It’s sometimes a fatal attraction.

“It looks as if anywhere between 10-to-30 percent of osprey chicks and adults in some areas that are particularly hard hit are killed by this baling twine," Greene said. "The entangled raptors can suffer gruesome deaths by strangulation or starve because they can’t fly off to fish."

That is, unless someone comes to the rescue or, better yet, gives a nest what Greene calls a preventive “haircut.”

He enlists a bucket truck and a crew of linemen from the Missoula Electric Cooperative, and they head to a nest with chicks. It’s on top of a power pole in the middle of a ranch by the Clark Fork River. It's a nest Greene has been worried about for years.

"It has killed a lot of ospreys over the years. This is going to be a good one to clean up," he said.

Rescue effort

Lineman George Porter leads a team up to the nest with scissors.

Strands of orange string drape from the wide bowl of sticks like Christmas tinsel.
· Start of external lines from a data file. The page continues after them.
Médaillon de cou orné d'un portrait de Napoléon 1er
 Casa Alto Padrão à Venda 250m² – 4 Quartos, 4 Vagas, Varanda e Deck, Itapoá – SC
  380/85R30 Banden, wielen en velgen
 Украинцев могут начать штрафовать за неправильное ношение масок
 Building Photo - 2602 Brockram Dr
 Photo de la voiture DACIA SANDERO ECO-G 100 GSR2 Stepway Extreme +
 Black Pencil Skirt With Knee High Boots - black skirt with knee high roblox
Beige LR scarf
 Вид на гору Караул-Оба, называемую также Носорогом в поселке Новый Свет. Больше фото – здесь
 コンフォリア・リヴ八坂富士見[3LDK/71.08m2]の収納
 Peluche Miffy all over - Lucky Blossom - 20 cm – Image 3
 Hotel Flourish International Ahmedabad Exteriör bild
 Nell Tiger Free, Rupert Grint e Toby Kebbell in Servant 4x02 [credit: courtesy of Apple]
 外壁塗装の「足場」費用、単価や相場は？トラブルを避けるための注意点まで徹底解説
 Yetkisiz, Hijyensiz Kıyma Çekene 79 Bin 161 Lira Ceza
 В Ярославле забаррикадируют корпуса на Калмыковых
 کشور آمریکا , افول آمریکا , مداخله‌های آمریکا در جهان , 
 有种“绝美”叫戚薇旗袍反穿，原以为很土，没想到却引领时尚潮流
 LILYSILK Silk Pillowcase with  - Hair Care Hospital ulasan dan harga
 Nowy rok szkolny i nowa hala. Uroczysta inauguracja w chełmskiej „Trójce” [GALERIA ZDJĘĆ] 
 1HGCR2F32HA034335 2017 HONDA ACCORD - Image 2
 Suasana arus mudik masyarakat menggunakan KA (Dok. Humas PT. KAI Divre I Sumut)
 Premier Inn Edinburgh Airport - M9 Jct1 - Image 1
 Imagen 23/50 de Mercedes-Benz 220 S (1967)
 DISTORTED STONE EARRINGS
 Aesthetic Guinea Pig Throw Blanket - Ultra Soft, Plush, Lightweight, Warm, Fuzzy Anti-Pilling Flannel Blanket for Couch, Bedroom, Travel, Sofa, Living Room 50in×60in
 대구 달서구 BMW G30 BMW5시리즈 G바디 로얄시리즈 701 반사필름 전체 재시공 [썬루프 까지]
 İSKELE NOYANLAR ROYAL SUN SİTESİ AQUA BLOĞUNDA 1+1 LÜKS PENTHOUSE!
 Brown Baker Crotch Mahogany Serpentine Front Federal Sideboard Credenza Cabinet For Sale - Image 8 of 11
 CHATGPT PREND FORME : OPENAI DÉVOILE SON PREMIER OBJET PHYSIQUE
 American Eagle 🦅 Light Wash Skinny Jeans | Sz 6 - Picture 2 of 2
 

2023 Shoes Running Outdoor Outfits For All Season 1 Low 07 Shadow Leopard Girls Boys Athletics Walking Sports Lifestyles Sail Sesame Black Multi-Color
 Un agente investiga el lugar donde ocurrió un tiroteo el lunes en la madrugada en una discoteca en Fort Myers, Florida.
Soon, any unnatural nest material will be removed by snipping and tugging.

It appears as if the ospreys tied knots in the nest.

"That’s basically what it looks like, all tangled,” Porter said. “Yeah, they definitely use it to hold everything together.”

There are multiple kinds of twine in the nest, including a piece of black nylon rope.

The osprey parents squawk anxiously in the background, but they circle at a distance and don't interfere with the quick cleanup of their nest.

Logical solutions

The preferable solution, of course, would be to keep twine and fishing line out of nests in the first place.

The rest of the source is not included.